#### MATERIAL SUPPLIED:
Start of Block

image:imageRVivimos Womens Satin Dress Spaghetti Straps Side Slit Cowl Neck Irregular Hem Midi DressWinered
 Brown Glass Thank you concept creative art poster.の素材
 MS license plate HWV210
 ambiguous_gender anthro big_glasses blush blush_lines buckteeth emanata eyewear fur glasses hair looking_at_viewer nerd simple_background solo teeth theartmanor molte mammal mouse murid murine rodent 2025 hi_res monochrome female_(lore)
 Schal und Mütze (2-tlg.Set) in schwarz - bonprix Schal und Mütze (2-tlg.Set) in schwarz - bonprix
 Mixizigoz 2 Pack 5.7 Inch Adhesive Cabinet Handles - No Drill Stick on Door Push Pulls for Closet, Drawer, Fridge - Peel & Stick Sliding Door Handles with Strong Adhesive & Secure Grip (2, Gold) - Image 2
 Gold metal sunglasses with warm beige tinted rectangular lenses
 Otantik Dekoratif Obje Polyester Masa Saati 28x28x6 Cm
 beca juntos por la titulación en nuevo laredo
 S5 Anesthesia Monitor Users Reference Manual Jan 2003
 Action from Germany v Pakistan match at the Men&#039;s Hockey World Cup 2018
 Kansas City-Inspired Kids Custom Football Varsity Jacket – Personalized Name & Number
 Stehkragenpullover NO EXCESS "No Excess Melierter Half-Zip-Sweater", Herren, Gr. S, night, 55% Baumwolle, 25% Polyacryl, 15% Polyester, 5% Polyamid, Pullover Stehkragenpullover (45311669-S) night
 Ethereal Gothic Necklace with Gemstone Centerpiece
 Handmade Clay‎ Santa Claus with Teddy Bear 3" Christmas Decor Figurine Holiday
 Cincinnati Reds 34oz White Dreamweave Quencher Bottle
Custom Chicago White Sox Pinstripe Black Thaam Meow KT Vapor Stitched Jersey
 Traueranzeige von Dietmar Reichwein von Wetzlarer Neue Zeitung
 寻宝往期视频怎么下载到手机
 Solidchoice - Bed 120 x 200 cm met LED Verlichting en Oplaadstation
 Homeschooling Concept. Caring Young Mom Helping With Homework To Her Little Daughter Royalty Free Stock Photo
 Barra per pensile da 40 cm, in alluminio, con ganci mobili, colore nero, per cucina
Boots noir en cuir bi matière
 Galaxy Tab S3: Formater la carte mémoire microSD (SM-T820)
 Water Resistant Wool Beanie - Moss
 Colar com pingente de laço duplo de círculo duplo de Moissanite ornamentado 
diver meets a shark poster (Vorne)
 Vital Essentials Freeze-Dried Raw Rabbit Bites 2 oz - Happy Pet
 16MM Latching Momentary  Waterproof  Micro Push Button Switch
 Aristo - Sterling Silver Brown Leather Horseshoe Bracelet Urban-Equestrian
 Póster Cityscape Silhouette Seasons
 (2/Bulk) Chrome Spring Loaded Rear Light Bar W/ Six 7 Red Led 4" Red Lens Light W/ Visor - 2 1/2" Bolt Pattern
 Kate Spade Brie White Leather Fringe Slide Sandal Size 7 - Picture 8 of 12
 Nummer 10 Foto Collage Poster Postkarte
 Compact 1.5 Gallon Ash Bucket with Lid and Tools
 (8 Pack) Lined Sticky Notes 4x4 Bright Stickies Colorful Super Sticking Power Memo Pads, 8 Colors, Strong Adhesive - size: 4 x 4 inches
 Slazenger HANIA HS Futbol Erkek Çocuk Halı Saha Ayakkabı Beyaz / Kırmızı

End of Block

#### ABOUT THIS EXERCISE:
Would you output all the records above exactly as written?

#### EXPECTED ANSWER:
image:imageRVivimos Womens Satin Dress Spaghetti Straps Side Slit Cowl Neck Irregular Hem Midi DressWinered
 Brown Glass Thank you concept creative art poster.の素材
 MS license plate HWV210
 ambiguous_gender anthro big_glasses blush blush_lines buckteeth emanata eyewear fur glasses hair looking_at_viewer nerd simple_background solo teeth theartmanor molte mammal mouse murid murine rodent 2025 hi_res monochrome female_(lore)
 Schal und Mütze (2-tlg.Set) in schwarz - bonprix Schal und Mütze (2-tlg.Set) in schwarz - bonprix
 Mixizigoz 2 Pack 5.7 Inch Adhesive Cabinet Handles - No Drill Stick on Door Push Pulls for Closet, Drawer, Fridge - Peel & Stick Sliding Door Handles with Strong Adhesive & Secure Grip (2, Gold) - Image 2
 Gold metal sunglasses with warm beige tinted rectangular lenses
 Otantik Dekoratif Obje Polyester Masa Saati 28x28x6 Cm
 beca juntos por la titulación en nuevo laredo
 S5 Anesthesia Monitor Users Reference Manual Jan 2003
 Action from Germany v Pakistan match at the Men&#039;s Hockey World Cup 2018
 Kansas City-Inspired Kids Custom Football Varsity Jacket – Personalized Name & Number
 Stehkragenpullover NO EXCESS "No Excess Melierter Half-Zip-Sweater", Herren, Gr. S, night, 55% Baumwolle, 25% Polyacryl, 15% Polyester, 5% Polyamid, Pullover Stehkragenpullover (45311669-S) night
 Ethereal Gothic Necklace with Gemstone Centerpiece
 Handmade Clay‎ Santa Claus with Teddy Bear 3" Christmas Decor Figurine Holiday
 Cincinnati Reds 34oz White Dreamweave Quencher Bottle
Custom Chicago White Sox Pinstripe Black Thaam Meow KT Vapor Stitched Jersey
 Traueranzeige von Dietmar Reichwein von Wetzlarer Neue Zeitung
 寻宝往期视频怎么下载到手机
 Solidchoice - Bed 120 x 200 cm met LED Verlichting en Oplaadstation
 Homeschooling Concept. Caring Young Mom Helping With Homework To Her Little Daughter Royalty Free Stock Photo
 Barra per pensile da 40 cm, in alluminio, con ganci mobili, colore nero, per cucina
Boots noir en cuir bi matière
 Galaxy Tab S3: Formater la carte mémoire microSD (SM-T820)
 Water Resistant Wool Beanie - Moss
 Colar com pingente de laço duplo de círculo duplo de Moissanite ornamentado 
diver meets a shark poster (Vorne)
 Vital Essentials Freeze-Dried Raw Rabbit Bites 2 oz - Happy Pet
 16MM Latching Momentary  Waterproof  Micro Push Button Switch
 Aristo - Sterling Silver Brown Leather Horseshoe Bracelet Urban-Equestrian
 Póster Cityscape Silhouette Seasons
 (2/Bulk) Chrome Spring Loaded Rear Light Bar W/ Six 7 Red Led 4" Red Lens Light W/ Visor - 2 1/2" Bolt Pattern
 Kate Spade Brie White Leather Fringe Slide Sandal Size 7 - Picture 8 of 12
 Nummer 10 Foto Collage Poster Postkarte
 Compact 1.5 Gallon Ash Bucket with Lid and Tools
 (8 Pack) Lined Sticky Notes 4x4 Bright Stickies Colorful Super Sticking Power Memo Pads, 8 Colors, Strong Adhesive - size: 4 x 4 inches
 Slazenger HANIA HS Futbol Erkek Çocuk Halı Saha Ayakkabı Beyaz / Kırmızı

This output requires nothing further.